▸ **Work request**
In the data below, begin at the line with "A Visions clear" and stop after the line with "Bright living room"; output those lines exactly and no pictures.

▸ **The input**

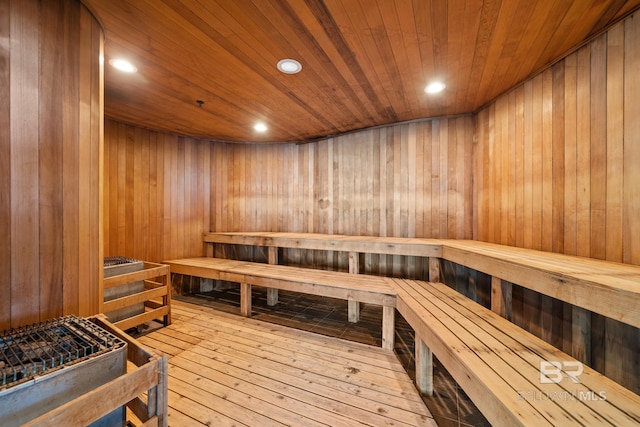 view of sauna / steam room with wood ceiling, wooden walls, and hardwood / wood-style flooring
* * *
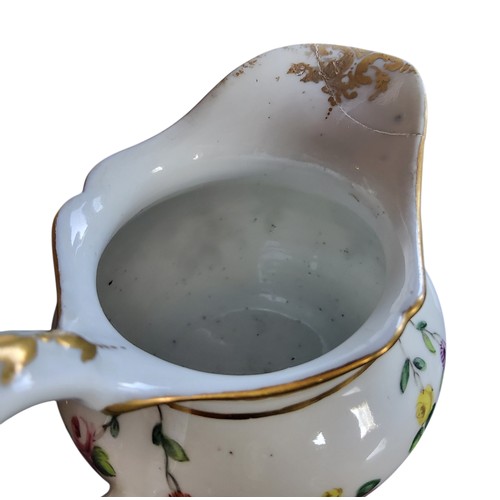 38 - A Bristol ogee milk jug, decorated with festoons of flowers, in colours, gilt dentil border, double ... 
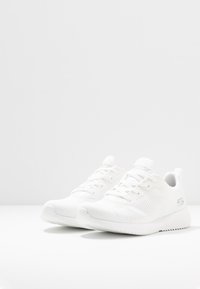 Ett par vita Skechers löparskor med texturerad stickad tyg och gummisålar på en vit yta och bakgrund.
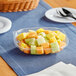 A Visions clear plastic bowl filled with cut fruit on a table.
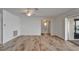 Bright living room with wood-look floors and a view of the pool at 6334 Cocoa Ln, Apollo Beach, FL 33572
---
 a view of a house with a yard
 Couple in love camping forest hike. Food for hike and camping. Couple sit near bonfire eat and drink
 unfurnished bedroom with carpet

▸ **Answer to this task**
 A Visions clear plastic bowl filled with cut fruit on a table.
 Bright living room with wood-look floors and a view of the pool at 6334 Cocoa Ln, Apollo Beach, FL 33572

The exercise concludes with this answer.